───── Data listing

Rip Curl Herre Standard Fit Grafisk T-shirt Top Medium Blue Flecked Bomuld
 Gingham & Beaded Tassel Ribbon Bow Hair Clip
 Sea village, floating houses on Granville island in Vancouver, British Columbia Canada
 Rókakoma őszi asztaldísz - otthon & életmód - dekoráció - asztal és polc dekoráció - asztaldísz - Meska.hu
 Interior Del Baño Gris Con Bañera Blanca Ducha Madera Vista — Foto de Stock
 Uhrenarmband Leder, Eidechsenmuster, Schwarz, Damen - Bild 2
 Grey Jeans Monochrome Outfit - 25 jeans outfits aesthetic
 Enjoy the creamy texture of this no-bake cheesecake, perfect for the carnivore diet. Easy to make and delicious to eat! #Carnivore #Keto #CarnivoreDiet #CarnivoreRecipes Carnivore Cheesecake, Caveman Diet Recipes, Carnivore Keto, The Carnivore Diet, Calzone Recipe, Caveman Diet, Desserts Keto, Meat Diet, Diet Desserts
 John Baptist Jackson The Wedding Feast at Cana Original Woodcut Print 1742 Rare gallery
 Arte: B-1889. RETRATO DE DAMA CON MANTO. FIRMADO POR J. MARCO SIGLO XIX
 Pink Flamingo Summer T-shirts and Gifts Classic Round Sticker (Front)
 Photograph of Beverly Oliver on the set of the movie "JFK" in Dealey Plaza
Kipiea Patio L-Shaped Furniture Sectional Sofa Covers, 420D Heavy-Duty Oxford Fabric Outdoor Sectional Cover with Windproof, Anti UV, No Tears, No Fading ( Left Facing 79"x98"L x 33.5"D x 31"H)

──────────

Starting with the line that contains "John Baptist Jackson", restate every line up to and including the last one above, exactly.

 John Baptist Jackson The Wedding Feast at Cana Original Woodcut Print 1742 Rare gallery
 Arte: B-1889. RETRATO DE DAMA CON MANTO. FIRMADO POR J. MARCO SIGLO XIX
 Pink Flamingo Summer T-shirts and Gifts Classic Round Sticker (Front)
 Photograph of Beverly Oliver on the set of the movie "JFK" in Dealey Plaza
Kipiea Patio L-Shaped Furniture Sectional Sofa Covers, 420D Heavy-Duty Oxford Fabric Outdoor Sectional Cover with Windproof, Anti UV, No Tears, No Fading ( Left Facing 79"x98"L x 33.5"D x 31"H)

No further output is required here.